MK: It sounds like you’ve been diving in some wonderful interesting places around the world. What were some of your more interesting dives that you’ve done?
LT: Well, I guess … It’s hard to say. Certainly the Solomon Islands, the Fiji. I have a dive boat down there, a lot of good work. I know I have many regrets but one of them is that I wasn’t born a little bit later so I could use the diving techniques that people are using now like Richard Pyle at Bishop Museum and Randy Kosaki who is the head of the National Monument. They’re able to use rebreathers now and dive to 400 feet and see things that nobody has ever seen before, discover new species, and with those rebreathers, they don’t release any bubbles either like I was talking about in the caves with normal scuba divers. So fish react very differently to them. You’re not down there making a lot of noise by exhaling your bubbles so you can see all of these animals. I regret missing out on that. I’m a little old dog to learn that new trick, but I can see where that kind of diving would be very exciting.

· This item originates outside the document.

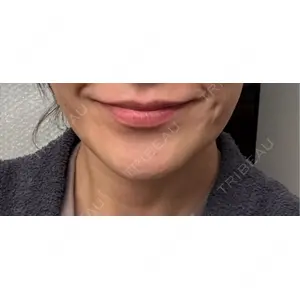 TAクリニック 札幌TAクリニック口コミ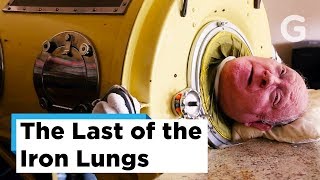 The Last Few Polio Survivors – Last of the Iron Lungs  Gizmodo [upl. by Ydneh]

I think the most fun and exciting dive to me I made was actually free diving with whale sharks in Kanton Island, an atoll southwest of here. That was a lot of fun.

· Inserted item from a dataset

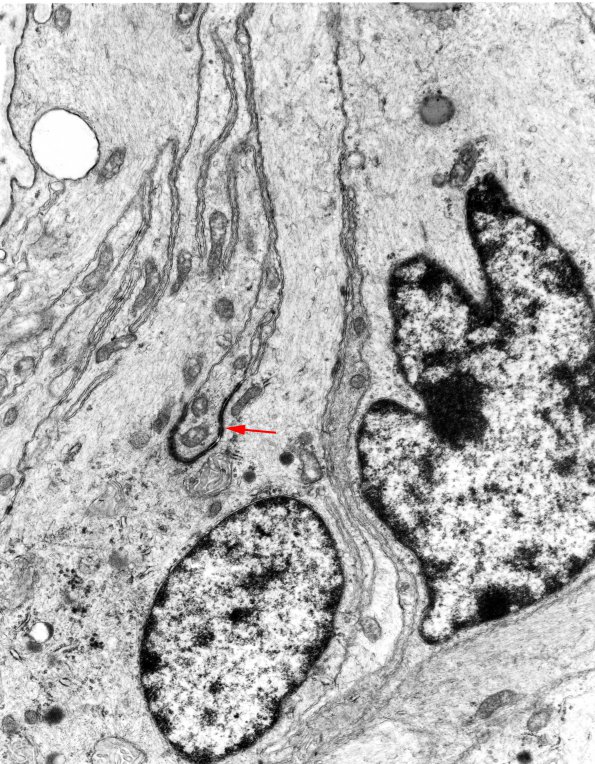 7B2 Angiocentric glioma (Case 7) EM 3 copy - Copy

MK: Whale sharks are pretty big, huh?
LT: Oh, yeah. They’re super big. Yeah. Twenty, thirty, forty feet. Maybe not quite forty feet but they look like they’re forty feet. That experience came because Kanton Island at that time was under the … being cared for by the U.S. Air Force because there was a big air strip down there that have been built originally for Pan Am Clippers that flew through Hawaii and then down there. So they expanded the airstrip as an alternate landing place for the Apollo spacecraft to come down and land. So, there was this big, long airstrip.
Kanton is an atoll that’s essentially C-shaped. It’s only got one little entrance into it. It’s like a closed C. This whale shark swam in there and got trapped. Then couldn’t figure out how to get out again I guess and they were way in the back. So the Air Force said, you know … They called up and said, “We heard that you know about sharks. Can you come down and take a look at this and see what we can do?”

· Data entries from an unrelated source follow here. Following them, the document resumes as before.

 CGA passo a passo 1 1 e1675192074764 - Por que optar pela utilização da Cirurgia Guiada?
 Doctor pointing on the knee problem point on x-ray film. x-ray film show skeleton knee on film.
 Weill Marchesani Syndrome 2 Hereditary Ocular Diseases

They had big airplanes that would go down there in those place, big cargo aircraft. Originally, they were there to serve the Apollo mission. The Apollo mission was over so the Air Force had about ten people down there just because they hadn’t figure out what to do with it yet. So these ten people, some of them Air Force, some of them civilian employees, were just down there with nothing to do, but every week they’d send this big airplane down there with fresh meat and in those days, Playboy Magazines and that’s all they were carrying.
So, I went down there with another diver and we looked around and saw all of this reef development, beautiful reef, beautiful fishes, this big airplane, and realized this would be a great place to collect fish and corals and bring them back to the aquarium on this big airplane. There’s no way we could fill that airplane up with anything. We took a lot of stuff up there and started collecting little blacktip reef sharks, which many people have seen in Hawaii and they’re born at about a foot long and they look perfectly proportioned at that size. They looked like six-foot-long sharks, but they’re only this big.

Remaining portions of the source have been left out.